- The Electronic Frontier Foundation called on Coinbase to release regular transparency reports about government requests for user data.
- It's concerned about financial institutions being asked to provide information about users without a warrant.
- A U.S. appeals court ruled this year found that cryptocurrency users sacrifice some privacy when using an exchange.
In at least one key way, cryptocurrency exchanges are exactly like banks: Americans who use them can have their information turned over to government agencies without a warrant.
The Electronic Frontier Foundation (EFF), a privacy-centric civil liberties group, has had enough of that, so it's looking for cryptocurrency exchanges—whose users often prize crypto's anonymity and censorship-resistance—to push back.
Today, it called on Coinbase to release regular transparency reports detailing government requests for user information—and how the exchange responds.
"EFF has become increasingly concerned that payment processors are being asked to turn over information on their customers, without any mechanism for the public to know who is making those requests, or how often," Haley Tsukayama wrote in an EFF blog post today.
She continued: "In providing the public with data on how often law enforcement seek user data and how often services comply, transparency reports show whether companies are living up to their promises to protect user privacy."

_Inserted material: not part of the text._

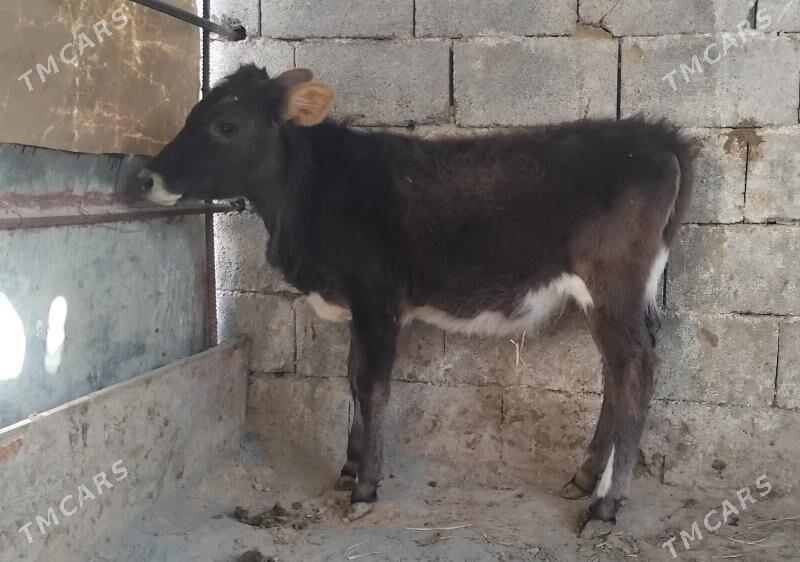 Gole tuwe gibrit - Gurtly - img 2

In EFF's view, Coinbase has, at least on one occasion, not protected user privacy.
It points to the exchange's role in providing information to federal law enforcement as part of an investigation into a child pornography site that took payments in Bitcoin.
In that case, the federal government subpoenaed Coinbase for details on any users who had sent Bitcoin to any account associated with the site. Coinbase pointed agents to a customer named Richard Gratkowski. Law enforcement used that information to obtain a search warrant for his house, where they allegedly found a hard drive with illegal porn.
Although they obtained a warrant to search Gratkowski's house, federal agents did not serve a warrant to Coinbase, meaning the subpoena request wasn't approved by a judge. As EFF notes, they didn't have to. A district court ruled that Gratkowski, as a cryptocurrency exchange user, lacked a reasonable expectation of privacy.
In upholding that decision, the Fifth Circuit Court of Appeals concluded:
"Bitcoin users have the option to maintain a high level of privacy by transacting without a third-party intermediary. But that requires technical expertise, so Bitcoin users may elect to sacrifice some privacy by transacting through an intermediary such as Coinbase."
In other words, when users turn over their financial data to a third party—whether it's a bank, cryptocurrency exchange, or another financial institution—their transactions are no longer necessarily private. Not your keys, not your Constitutional right to privacy.
EFF thinks the ruling "makes no sense in a world where everyone navigates through their daily life by relying on services such as email that provide third parties with access to sensitive information."
EFF stops short of faulting Coinbase for handing over information in the Gratkowski case. Instead, it wants to know how often such requests happen and how Coinbase decides whether or not to comply.
Notably, rival exchange Kraken releases a transparency report at the end of the year detailing how many requests it gets from law enforcement, including the country, agency, and location of the account holder.
Picking on Coinbase is something of a strategic decision as EFF wades into the crypto waters and appeals to users' basic expectation of privacy.
"As one of the largest individual companies in the U.S. cryptocurrency market, Coinbase wields tremendous power and influence over this dynamic," Tsukayama wrote. "It should stand up for its users and also use its market power and influence to show others that transparency reports are an industry standard for all cryptocurrency exchanges."